Growing up in my family’s home involved road trips and camping vacations. We drove from Michigan to Washington, DC and another time to Yellowstone National Park. To prepare for the many hours in the vehicle, I would search the web for road trip games and printable activities for my siblings and me. One game I found that we enjoyed playing bordered on the ridiculous. It was called “Fortunately/Unfortunately” and can best be explained by example.
Someone would begin and then we would each take a turn.
It might sound like this:
“Unfortunately, there is a tiger behind the back seat in this vehicle right now.”
“Fortunately, he is asleep in a cage.”
“Unfortunately, tiger smuggling is illegal in this state and there is a police car pulling us over.”
“Fortunately, this tiger is deaf and he won’t wake from the siren and light.”
“Unfortunately, I can hear his stomach rumbling and we are fresh out of steak.”
And thus, the game went until we were bored or giggling and then we would start over.
Now, many years after playing silly games in the back seat of our vehicle, I have found a practice that holds hints of this game I used to enjoy. This practice is therapeutic for me because it greatly reduces anxiety and stress in the very moment I need to do something RIGHT NOW. It is also healing- it is teaching me a broader perspective.
I’ve yet to name it, and I wasn’t the creator of the idea. I remember hearing part of the idea from my mom who listened to Dr. John Delony* share it on his radio show. On a day I called her for *HELP!* she suggested I get a notebook and write down all my jumbled thoughts and the things weighing heavy on my heart. I have tweaked the idea a little and want to share how it is now part of my healing journey.
This might sound so simple it leans towards the unnecessary. I thought this too. All you need is a notebook and pen. I like to date the top of the page and then write the heading “Troubling Thoughts.” Then in bullet point style, I scribble down all the things in my mind that I am worried about or that are bothering me. They could be about my personal life or that of a friend or family member. I write quickly and don’t add details or much explanation. It’s helpful for me not to think of these as “bad” or “wrong” thoughts as I write… they are just ones I am pulling from my mind to the page. I write until I feel I am done. That sense normally comes when about 8-12 things are on the page. There isn’t a rule of how many troubling thoughts one is limited to (I have filled a whole page before).
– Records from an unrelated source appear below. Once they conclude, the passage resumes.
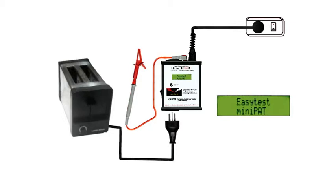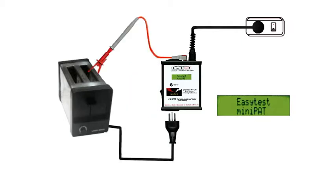The class 1 appliance in this case is a toaster, and it's safer to assume that the appliance may have a fault until we've tested it to prove otherwise. So firmly clamp the earth probe onto any exposed metal we can find, check that the appliance and the mini-pad are both switched off, and plug the toaster into the mini-pad.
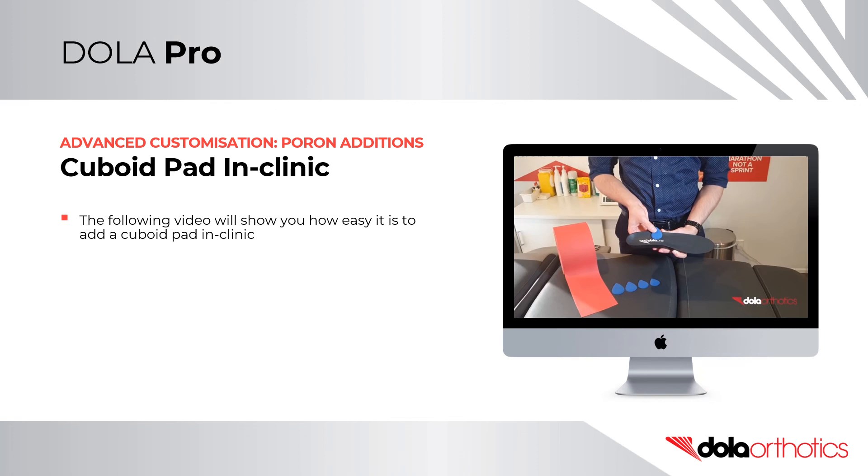Cuboid Pad In-Clinic Modification. Adding a cuboid pad to an orthotic shell is a common in-clinic modification. The following video will show you how easy it is to add your own cuboid pads in clinic.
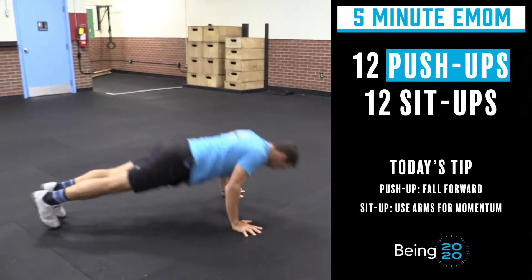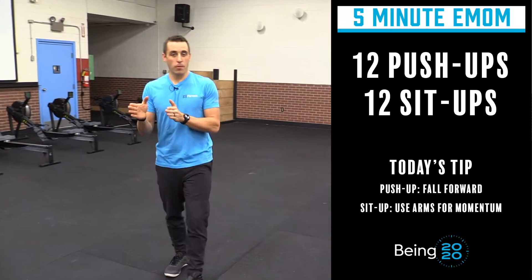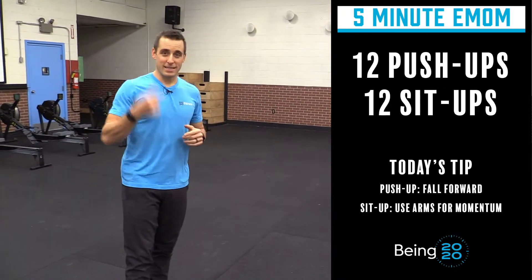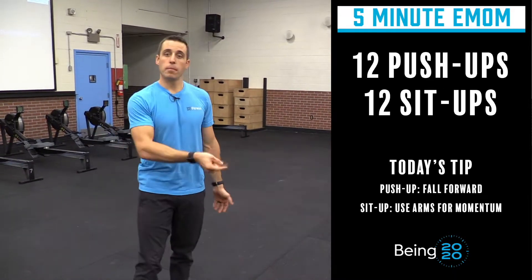For five minutes you're going to do 12 push-ups and 12 sit-ups on the minute. With on-the-minute workouts you often get built-in rest, but this one is going to be pretty consistent — you're going to be consistently moving. Try to get all 12 push-ups in a row, then flip on your back and knock out 12 sit-ups.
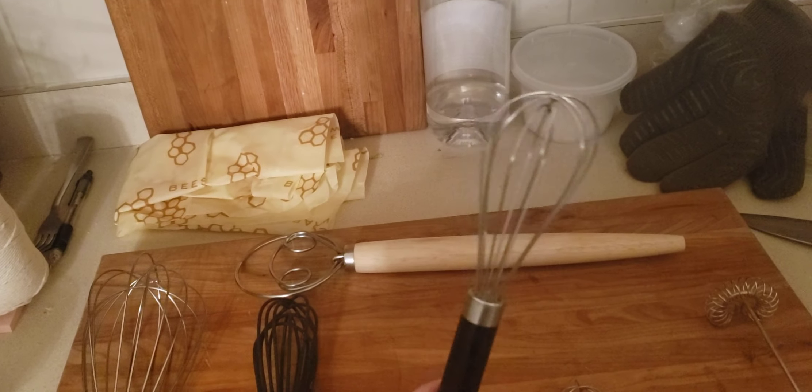Lastly is a Dutch whisk. This is really good for mixing together dough — it works very well to do that.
Then, when I have reached a good place to pause, I write below this list a new heading called “Thankful List.” I switch focus and write at least as many things I am grateful for as the items I listed that trouble me. If there are 10 things on my troubled list, there will be 10 things on my thankful list. Again, it isn’t elaborate or fancy. If I am in a difficult day, it might take me twice as long to copy out the thankfulness list.
After I am done, I hold in my hand a picture of what I have been carrying on the inside. This practice relieves the pressure and takes the weight from my mind and places it on the page. It feels like magic.
Then I am done for now. I close the journal and tuck it away… moving about the rest of my day feeling less troubled and a bit lighter.
And a couple hours, days, or weeks later, it will be time to do it again.
I encourage you to give this a couple of good tries. You can write these lists on happy days and hard days. I have found it is really helpful to do it when you don’t want to. (When it sounds dumb or hard.) That’s when pulling out the journal, dating the top, and starting the bullet points is GOLD. It’s those times when your tired or anxious self is searching the cupboard for chocolate, texting a friend in panic, or looking for your earbuds to drown out the thoughts in your head that you can remember: I have another practice.
Start scribbling.
Let me share a secret: if you do this list building for a while, you will gain a whole new perspective. Not only does it relieve, it also reveals.
I have seen:
Some of the troubling thoughts are so very temporary.
Plenty of the old thankful lists still hold true for this day.
Lots of things resolve themselves.
There are repeated thoughts on my list I want to talk to God about (or my husband, mom, mentor).
The more I write bullet point scribbles, the more I heal. And while I heal, I gain perspective. Thus, this practice is helpful in the moment and then continues to be a gift. It’s so very simple it can sound inconsequential. Yet, I have found this practice (though wrapped in guise of easy or unnecessary) is causing me to change towards a truer version of who I want to be. I keep coming back to it because it keeps working.
What do you think of giving it a try?